*** Opening Data excerpt ***

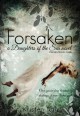 Forsaken (Daughters of the Sea Series) - Kristen Day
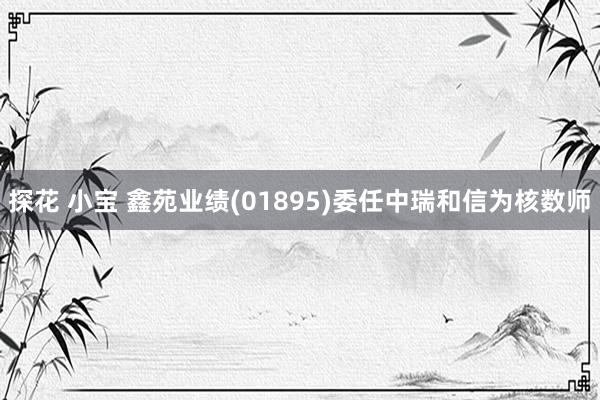 探花 小宝 鑫苑业绩(01895)委任中瑞和信为核数师
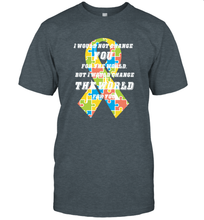 Load image into Gallery viewer, I would not change you, but I would change the world for you Autism awareness shirt Men's T-Shirt

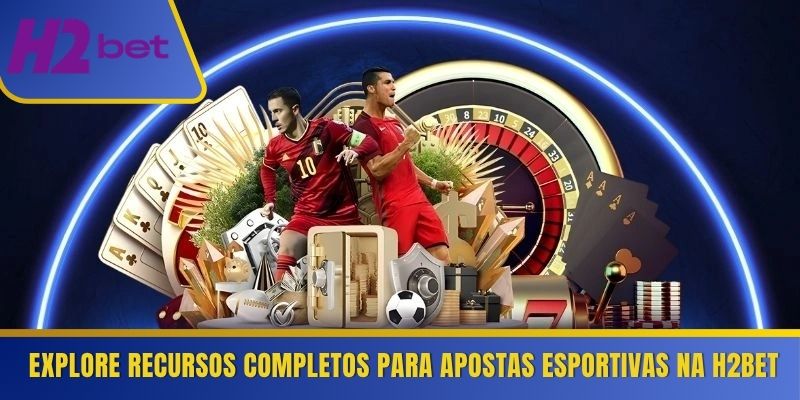 Explore recursos completos para apostas esportivas na H2Bet 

*** Closing Data excerpt ***

→ **Exercise**
After locating the line that holds "探花 小宝 鑫苑业绩(01895)委任中瑞和信为核数师", output exactly the lines from it through the last line of the material above, inclusive, without pictures.

→ **Result of this task**
 探花 小宝 鑫苑业绩(01895)委任中瑞和信为核数师
 Load image into Gallery viewer, I would not change you, but I would change the world for you Autism awareness shirt Men's T-Shirt

 Explore recursos completos para apostas esportivas na H2Bet 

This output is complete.